More than 200 of Texas’ 1,000-plus school districts have adopted one of two programs. And a majority of those districts tend to be in rural communities, according to Dax Gonzalez, a spokesman for the Texas Association of School Boards.
“Generally speaking, districts with police departments ... do not tend to allow staff to carry firearms,” Gonzalez said. “Those 217 are likely smaller, more rural districts that feel they cannot be serviced by local law enforcement quickly enough.”
Villalba told Politico in February that he believes between 20 to 50 districts have adopted the marshal program. At least 172 Texas districts have adopted the Guardian Plan.
Training and gun storage requirements vary
Arguably one of the biggest differences between the two programs is the requirement for teachers or other employees who want to carry a gun.
Marshals have to receive 80 training hours and keep their firearms under lock and key. The Guardian Plan, on the other hand, lets teachers keep their firearm with them at all times — as long as they have a concealed handgun license and go through 15 to 20 hours of training.
It’s worth noting that these requirements could change, however. Abbott previously proposed streamlining the training course under the marshal program — which he called “burdensome”— and eliminating the lockbox requirement.
Villalba was critical of Abbott’s tweaks to the marshal program, saying that parents might be upset if teachers didn’t have to lock up their weapons.

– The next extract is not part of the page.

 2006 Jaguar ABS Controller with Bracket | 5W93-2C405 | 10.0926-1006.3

But several Texas Republicans, including Jerry Patterson, Texas’ former land commissioner who helped get the state’s concealed handgun law passed in 1995, say the lockbox requirement does more harm than good.
“The lockbox requirement is silly. The gun needs to be carried on the person and accessible immediately,” Patterson said. “Not where you have to run to the office, go through a combination and then get the gun. If you carry it all the time, you won’t lose the weapon.”

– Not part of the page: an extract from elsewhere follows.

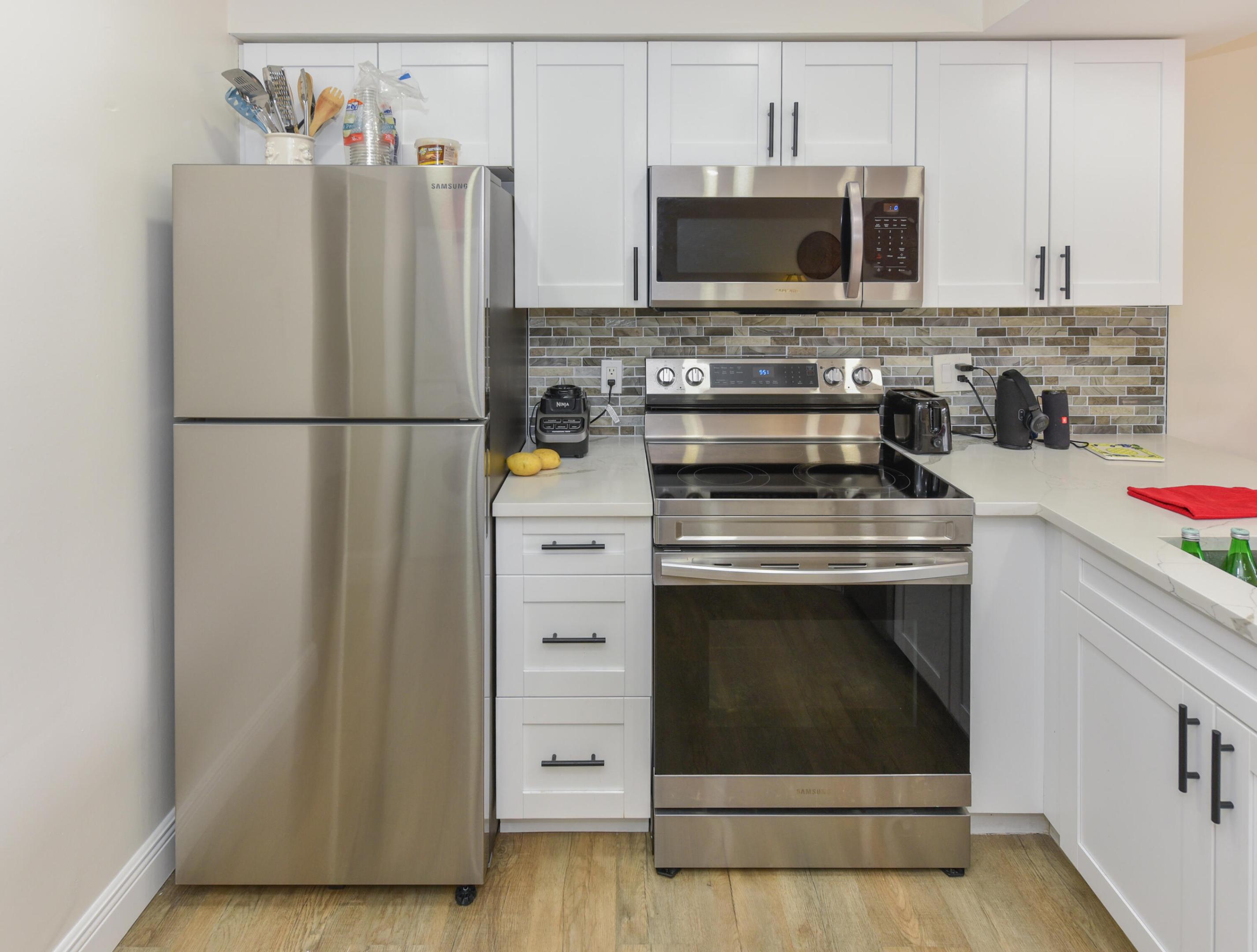 JUPITER OCEAN AND RACQUET CLUB - Residential Lease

Individual schools and districts that adopt the Guardian Plan are also allowed to choose their own training requirements. At Harrold ISD, for example, employees who choose to carry go through at least 15 hours of training that includes videos of hostage scenarios and shooting drills. Fayetteville ISD, which adopted the plan in February, doesn’t require a specific amount of firearms training – though most staff do around 20 hours of training per year. And at Keene ISD, which adopted the Guardian Plan in 2016, Superintendent Ricky Stephens previously told The Texas Tribune he requires staff to undergo 80 hours of initial training and 40 hours annually after that.
Only one plan receives money from the state
To adopt either plan, districts have to find a way to pay for training, purchase firearms and ammunition and, in some cases, a lockbox.
But only the marshal program has received state funding to help pay for those expenses.
When the marshal program was first signed into law, the state had a grant program in place to help districts cover training costs. But that money ran out and funding has not been reauthorized. That’s why Abbott proposed that the state pay for school marshal training this summer to ease the burden on individual districts.